Thursday 2 February 2012

Approaching agents: synopses

Helpful daughter sat down with me as we looked at literary agents. We thought they would all want similar things - which they generally do. Three chapters, a query letter with information about the book and the author, and a synopsis.
  1. I don't like synopses. I find them much more difficult to write than books.
  2. I don't like saying the words synopsis, it sounds like a snake did a somersault.
  3. Every agent wants something different from the synopsis.
One wants an outline. Another wants a punchy summary that would make them want to read the book.
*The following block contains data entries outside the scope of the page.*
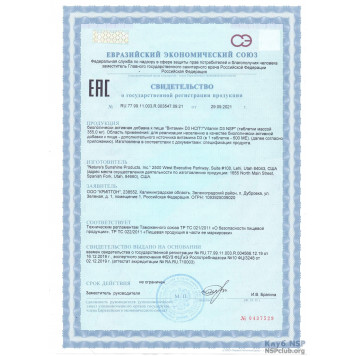 Вітамін Д3 Вітамін Д3 НСП, модель RU22485 | Зображення № 4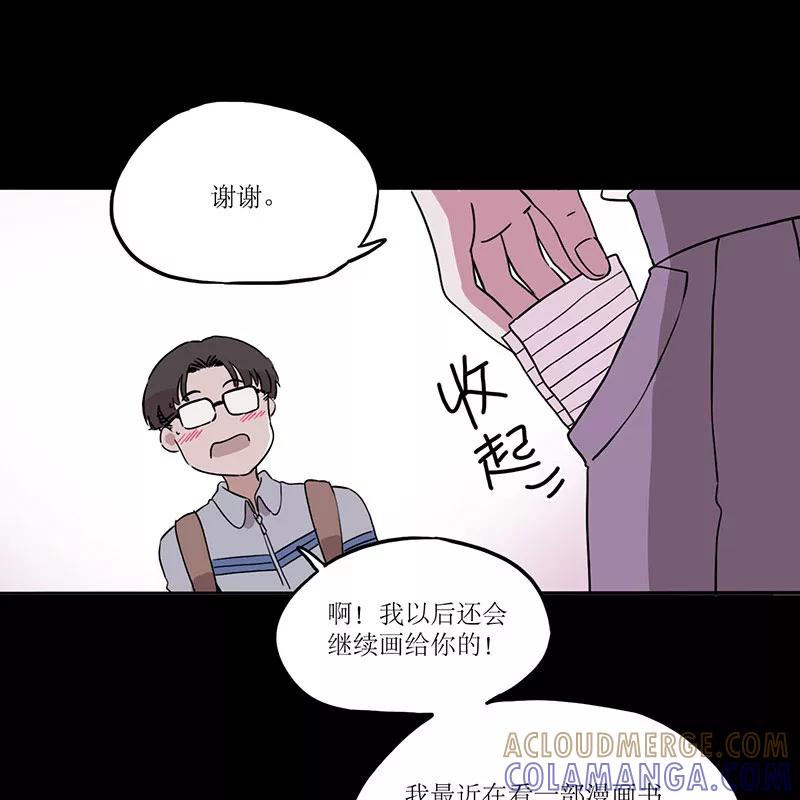 《寻找武陵人》[第30话] 西红柿发卡 第25页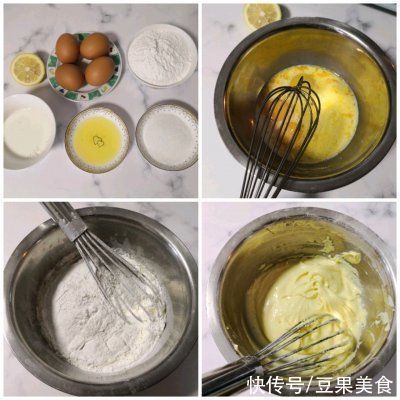 外皮酥脆、内里绵软糯糯的糯米蛋糕爱了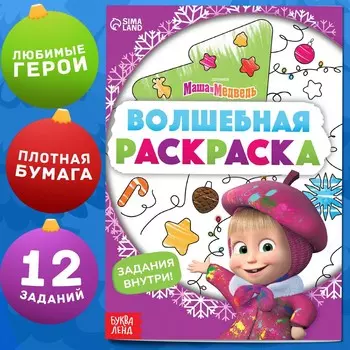 Раскраска с заданиями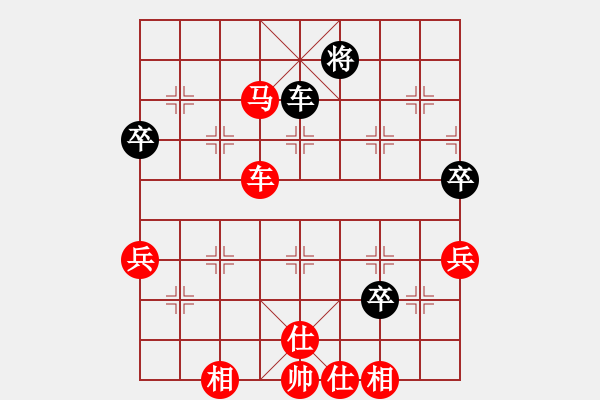 象棋棋譜圖片：【帝王】老孫[紅] -VS- ‰●清閑[黑] - 步數(shù)：100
One wants three closely typed pages, one wants no more than 1000 words, one wants no more than 3000, one wants 300 words (eek!) and the worse one wants - wait for it - three sentences. Ninety-three thousand words, two strands, four hundred years and nine important characters in three sentences? Will these be the hundred word sentences Thomas Hardy used to excel at?

It turns out, sending stuff to agents will be way harder than writing another book. Maybe I should write book 2's synopsis first. So, I turned to Nicola Morgan's excellent little book on writing synopses (there he goes again, tumbling serpent) and she warns of this phenomenon. So I sat down and wrote 1, one thousand word synopsis. At a squeeze, and in Times New Roman 11 and single spaced - one closely typed page. Three sentence lady is out the window.

Then I noticed something odd. The book is front heavy, I wrote the final chapters less well and in less detail than the front chapters. So is the synopsis. When I realise how to balance up the synopsis...ideas about how to fit the book just pop into my head. Maybe these synopsisy thingies (look at them go! Cirque du Soleil for reptiles!) have extra uses?